**What you should do**
The line containing "Ford Kuga 2.5" marks the start of the required copy, which runs to the final line of the entries; return those lines exactly, without any pictures.

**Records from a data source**

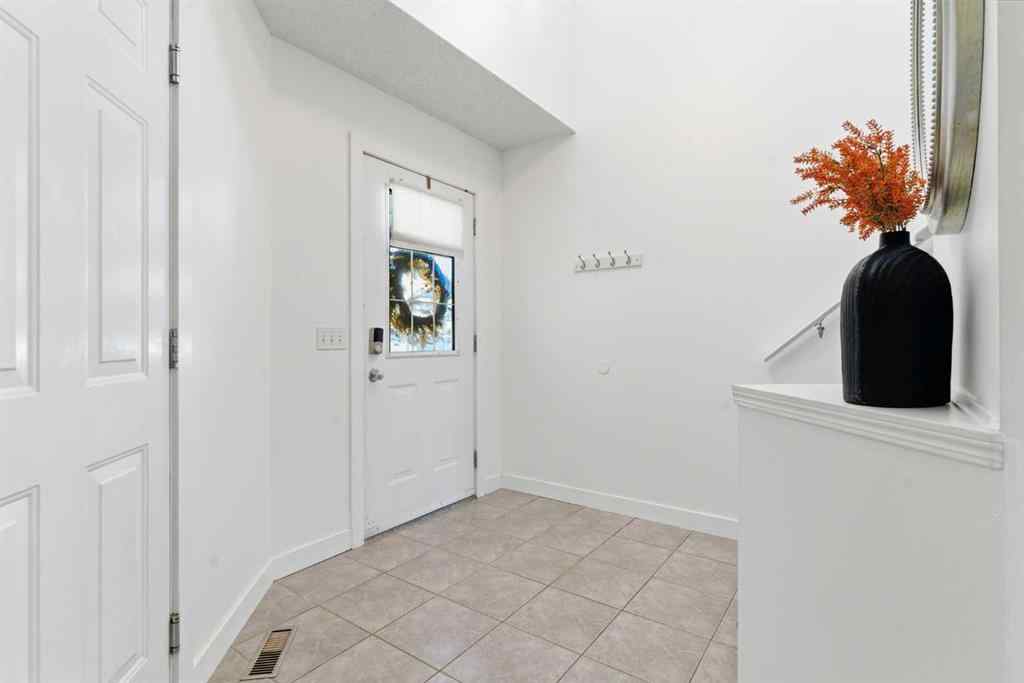 MLS® A2265904 - 74 Evansbrooke Way NW in Evanston Calgary, Residential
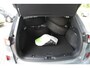 Ford Kuga 2.5 PHEV Vignale | Adaptive cruise control | Head up display | Winter Pack | Vol leder | Elektrische achterklep | Winterbandenset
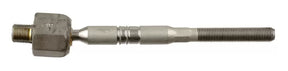 Inner Tie Rod 44153 01 - LEMFÖRDER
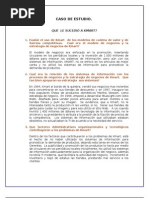 Download QUE  LE SUCEDI A KMART by rivomar SN99345220 doc pdf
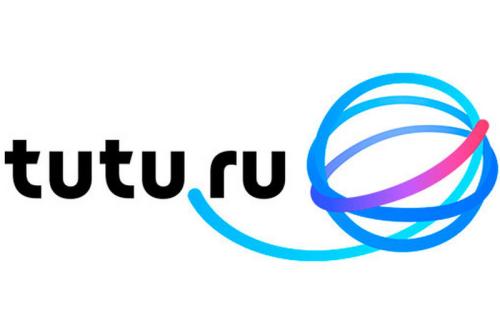 Туту.ру: 5 вопросов о предупреждении ФАС Яндексу: что это значит для Рунета?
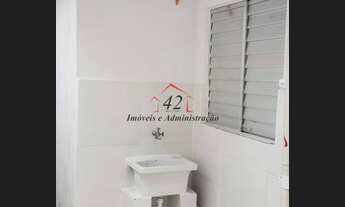 Imagem 3: Casa de fundos 1 Cômodo Rua Bom Pastor Ipiranga R$ 700,00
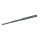 Nextorch NEX Walker Teleskopschlagstock 16" / 40 cm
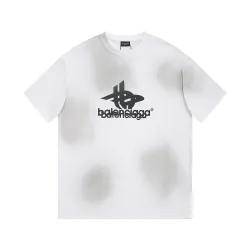 Balenciaga T-shirts for Men #B36289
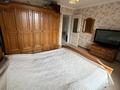 Отдельный дом · 6 комнат · 190 м² · 10 сот., Жанаконыс — 40 школа за 78 млн ₸ в Астане, Сарыарка р-н — фото 25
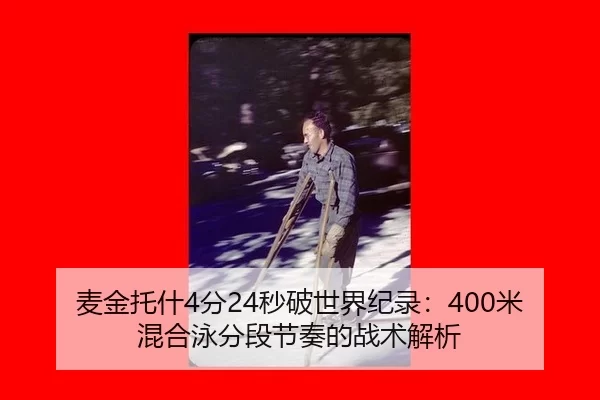 mai-jin-tuo-shen-fen-miao-po-shi-jie-ji-lu-mi-hun-he-yong-fen-duan-jie-zou-de-zhan-shu-jie-xi-1-174.jpg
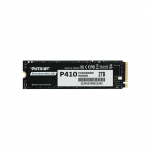 Dysk SSD 2TB P410 PCIe M.2 Gen4 x4 NVMe 1.4 2280 5000/4500MB/s | P410P2TBM28H | 4711378431063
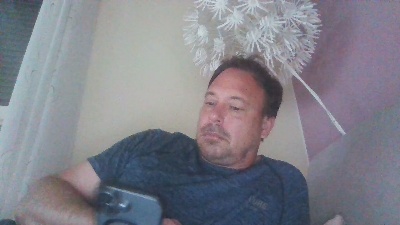 wieauch live cam on Cam4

**Output below**
 Ford Kuga 2.5 PHEV Vignale | Adaptive cruise control | Head up display | Winter Pack | Vol leder | Elektrische achterklep | Winterbandenset
 Inner Tie Rod 44153 01 - LEMFÖRDER
 Download QUE  LE SUCEDI A KMART by rivomar SN99345220 doc pdf
 Туту.ру: 5 вопросов о предупреждении ФАС Яндексу: что это значит для Рунета?
 Imagem 3: Casa de fundos 1 Cômodo Rua Bom Pastor Ipiranga R$ 700,00
 Nextorch NEX Walker Teleskopschlagstock 16" / 40 cm
 Balenciaga T-shirts for Men #B36289
 Отдельный дом · 6 комнат · 190 м² · 10 сот., Жанаконыс — 40 школа за 78 млн ₸ в Астане, Сарыарка р-н — фото 25
 mai-jin-tuo-shen-fen-miao-po-shi-jie-ji-lu-mi-hun-he-yong-fen-duan-jie-zou-de-zhan-shu-jie-xi-1-174.jpg
 Dysk SSD 2TB P410 PCIe M.2 Gen4 x4 NVMe 1.4 2280 5000/4500MB/s | P410P2TBM28H | 4711378431063
 wieauch live cam on Cam4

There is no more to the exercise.